## Task prompt
Without copying any picture, transcribe exactly the lines of the data below from the one containing "living area featuring" through the one containing "Zdjęcie przedstawiające policjanta".

## Records for this exercise
Segment Open

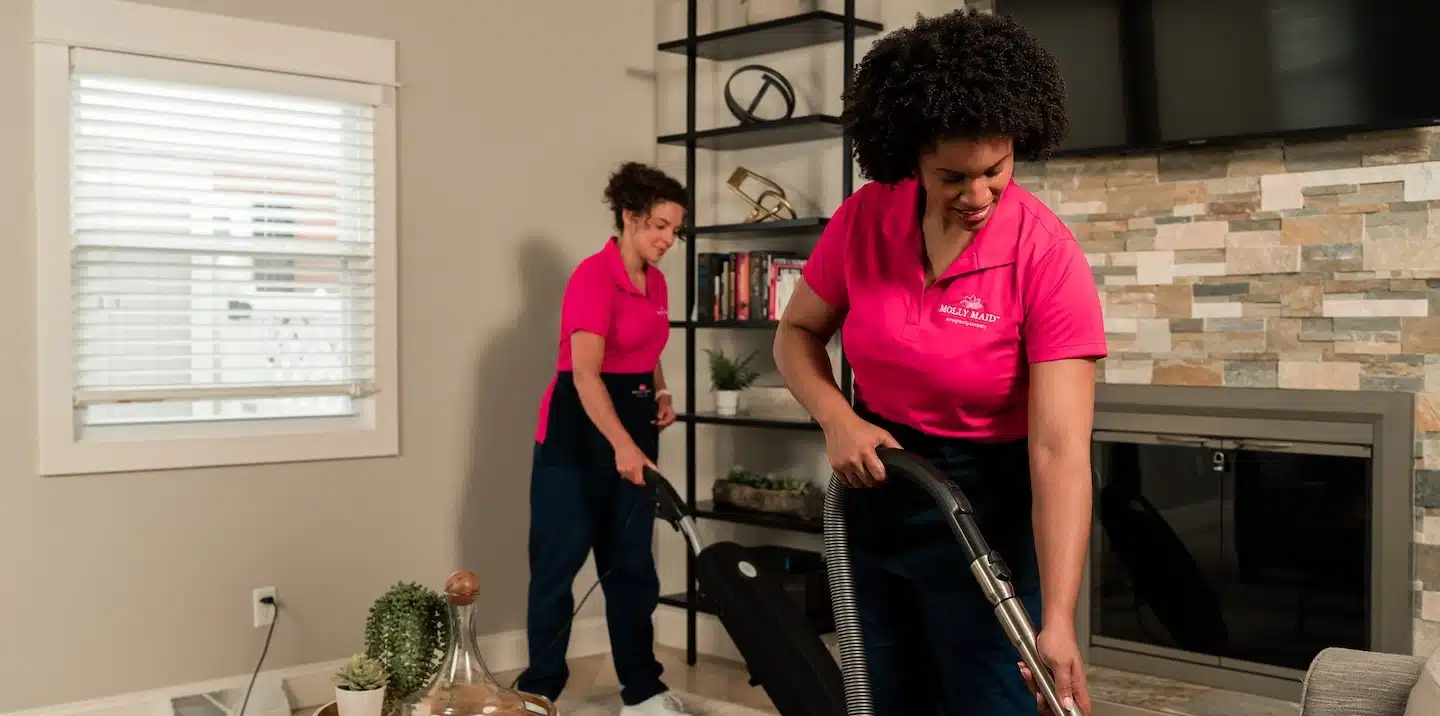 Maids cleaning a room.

Segment Closed
Segment Open

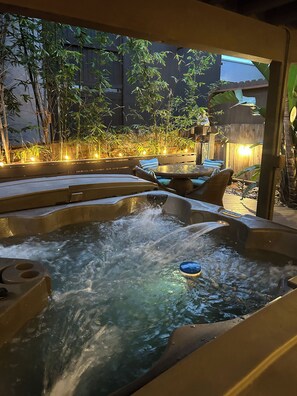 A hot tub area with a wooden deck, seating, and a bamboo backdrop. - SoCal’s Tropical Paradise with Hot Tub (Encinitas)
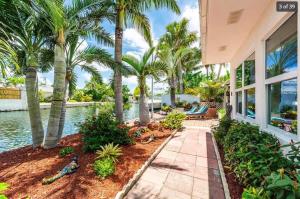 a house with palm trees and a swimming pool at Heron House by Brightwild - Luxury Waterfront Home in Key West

Segment Closed
Segment Open

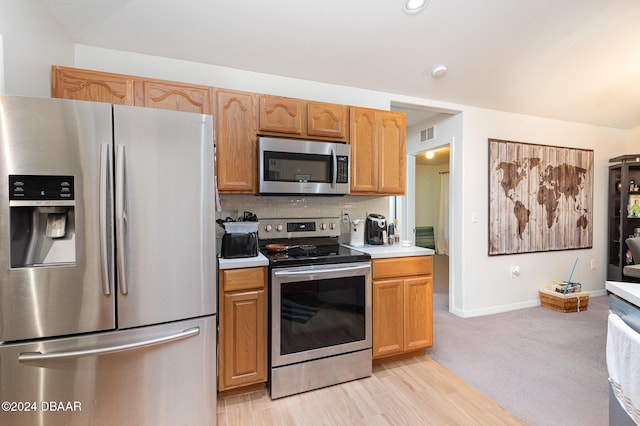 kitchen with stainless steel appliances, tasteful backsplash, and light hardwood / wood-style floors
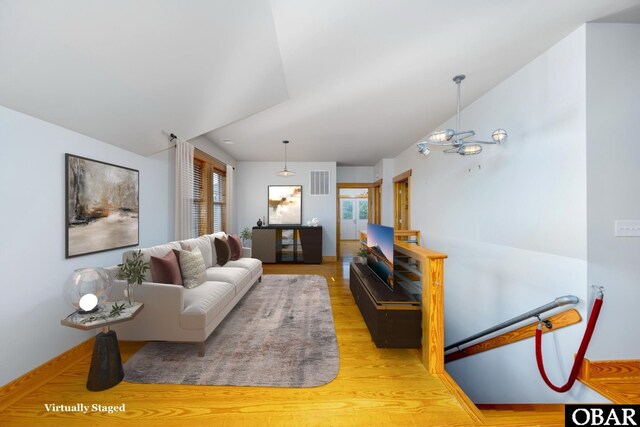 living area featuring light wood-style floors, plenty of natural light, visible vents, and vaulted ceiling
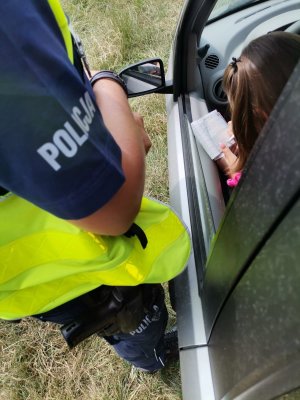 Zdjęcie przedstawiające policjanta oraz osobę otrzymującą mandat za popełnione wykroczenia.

Segment Closed

## Exercise result
 living area featuring light wood-style floors, plenty of natural light, visible vents, and vaulted ceiling
 Zdjęcie przedstawiające policjanta oraz osobę otrzymującą mandat za popełnione wykroczenia.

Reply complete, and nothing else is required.